Finding errors after replacing some drives


Recommended Posts

I am finding so errors after replacing three older drives and running the rebuild. I have run a parity check (with correction) between each replacement, to make sure it remained valid. However upon the those checks it has Given me this:

 

Quote
  Last check completed on Tue 07 Aug 2018 01:55:59 AM EDT (today), finding 186 errors.
Duration: 11 hours, 23 minutes, 55 seconds. Average speed: 97.5 MB/sec

 

It has not done this in a very long time, if ever. Please find the log attached below since I am at a loss. 

Thank you so much for the help,

Ice

 

07-08-2018_server_log.rar

Edited by icedragonslair
Link to comment

Yes I set up notifications but saw no problems...could this just be a cable issue?

 

I saw that the notifications tab was off....

 

So i pulled the drive and tested with WD software (since this drive is newer 12/2017) it checked out fine.

I am now running a file system check, should I order a new drive just for backup? 

Edited by icedragonslair
Link to comment
18 minutes ago, icedragonslair said:

Yes I set up notifications but saw no problems...could this just be a cable issue?

 

 

 No. With cable issues you would get UDMA CRC errors and the machine would either manage to read out correct data by retrying the read - or would try to reset the link to the drive if it isn't possible to communicate with the drive.

 

You only posted the server log but you should take a close look at the SMART data for your disks.

  • Like 1
Link to comment

The smart data on both tests show no errors "completed without error"

 

and the log shows 'no errors logged'

running another set now

 

edit From my post above - 

Quote

 

I saw that the notifications tab was off....

 

So i pulled the drive and tested with WD software (since this drive is newer 12/2017) it checked out fine.

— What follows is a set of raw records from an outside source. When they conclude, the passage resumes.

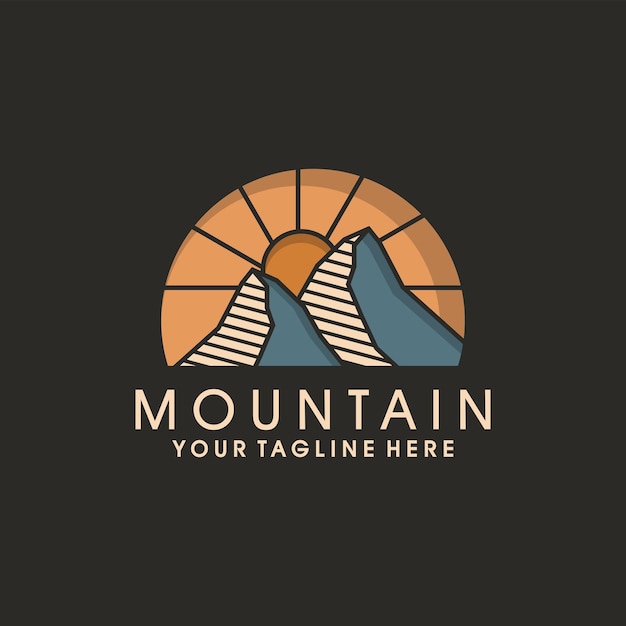 Modello di progettazione del logo di montagna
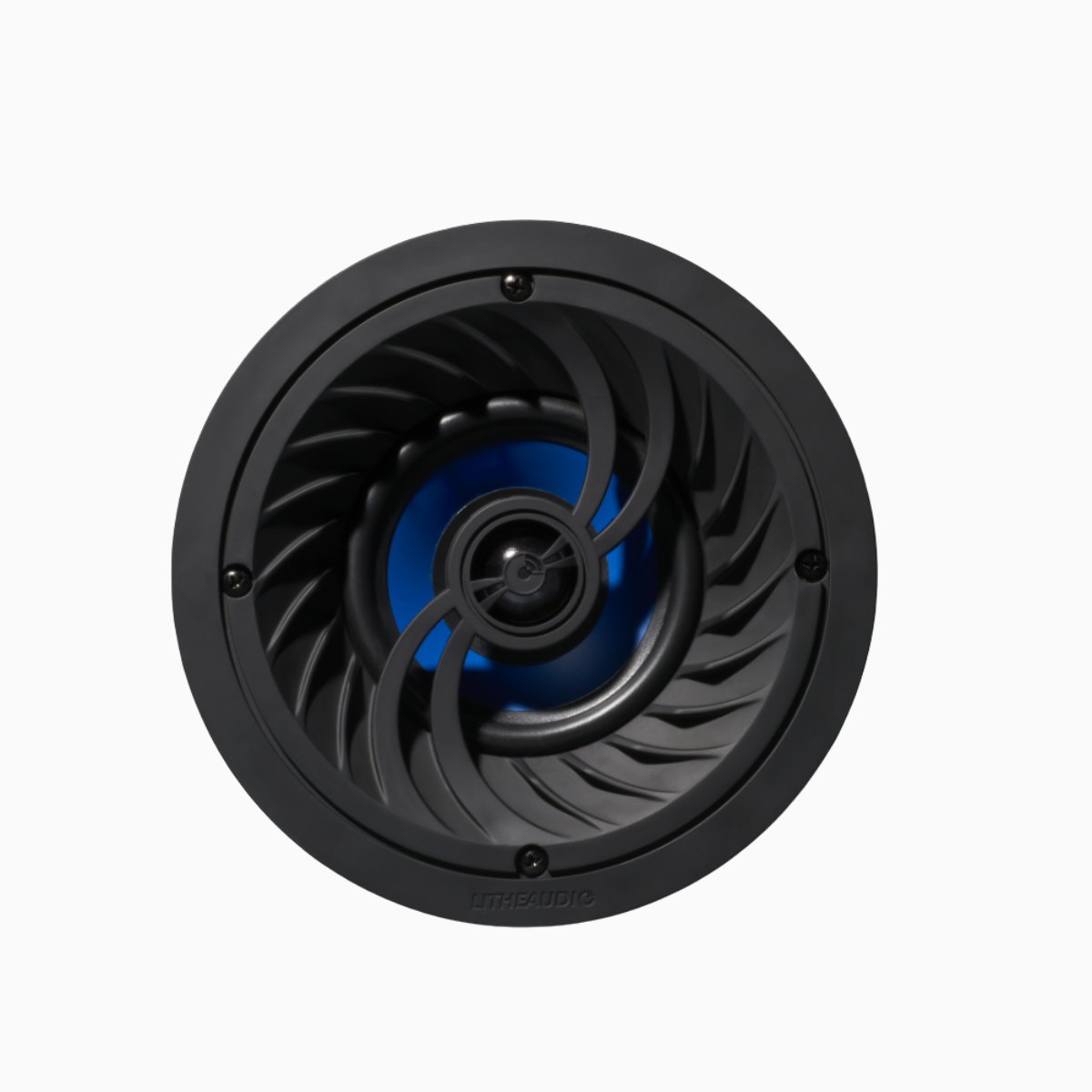 Black speaker with blue center on a white background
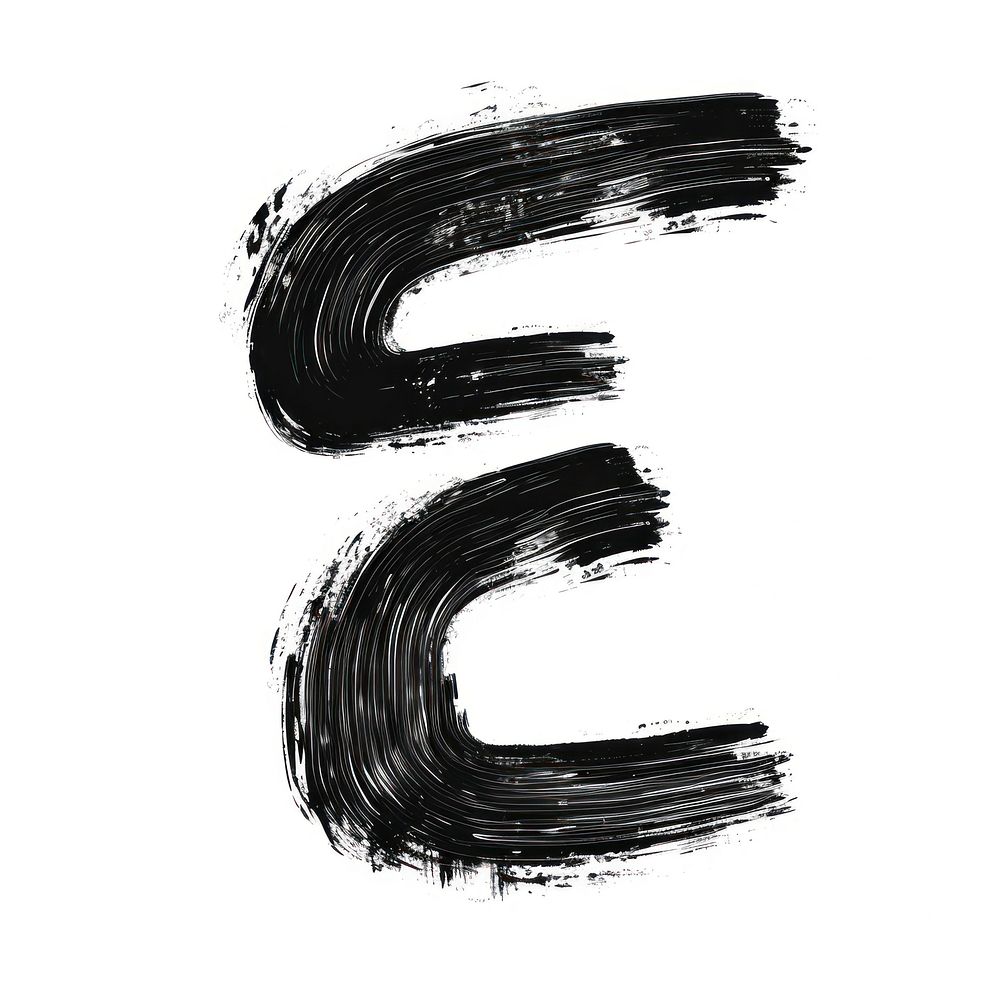 Alphabet E marker brush line text white background.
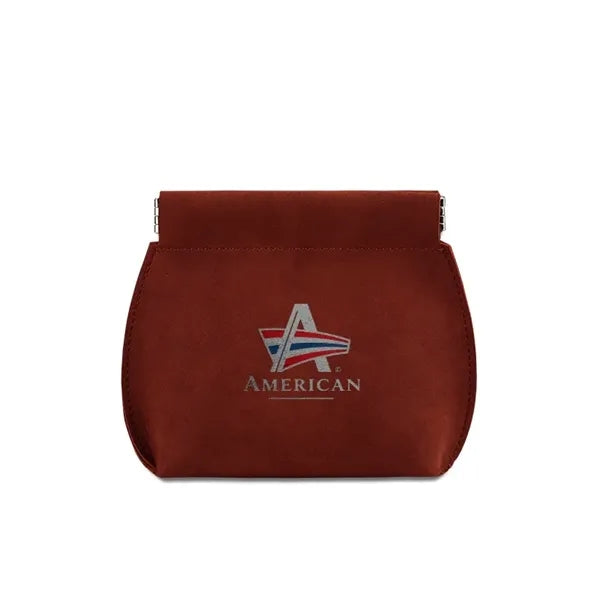 Logo Soft PU Leather Spring Snap Mini Storage Pouch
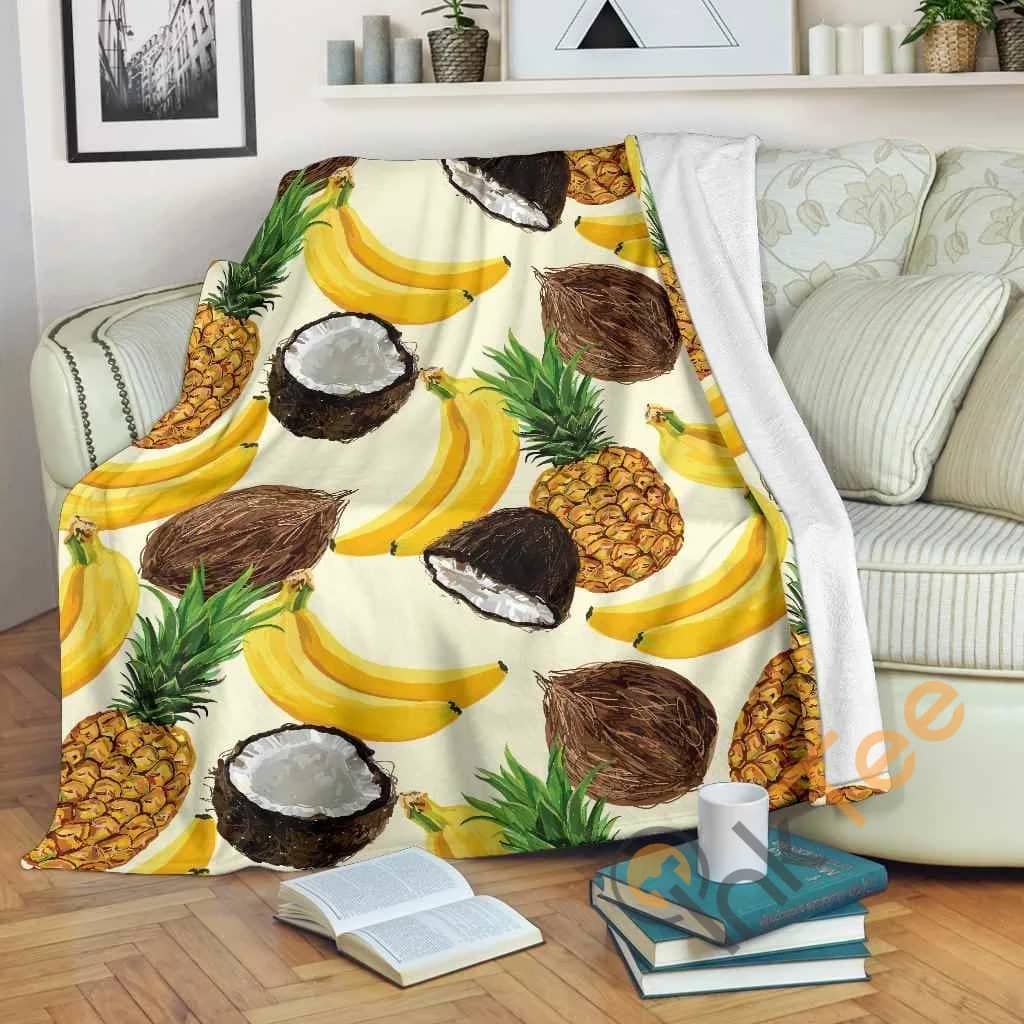 Tropical Fruits Pattern Premium Fleece Blanket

I am now running a file system check, should I order a new drive just for backup? 

 

 

Edited by icedragonslair
Link to comment
14 minutes ago, icedragonslair said:

The smart data on both tests show no errors "completed without error"


That's basically "the manufacturer don't think they need to do a warranty replacement of the drive."

 

The SMART data contains much more information than that - for example lots of nice counters. Some of which unRAID checks as default, and some that might be meaningful to add in yourself.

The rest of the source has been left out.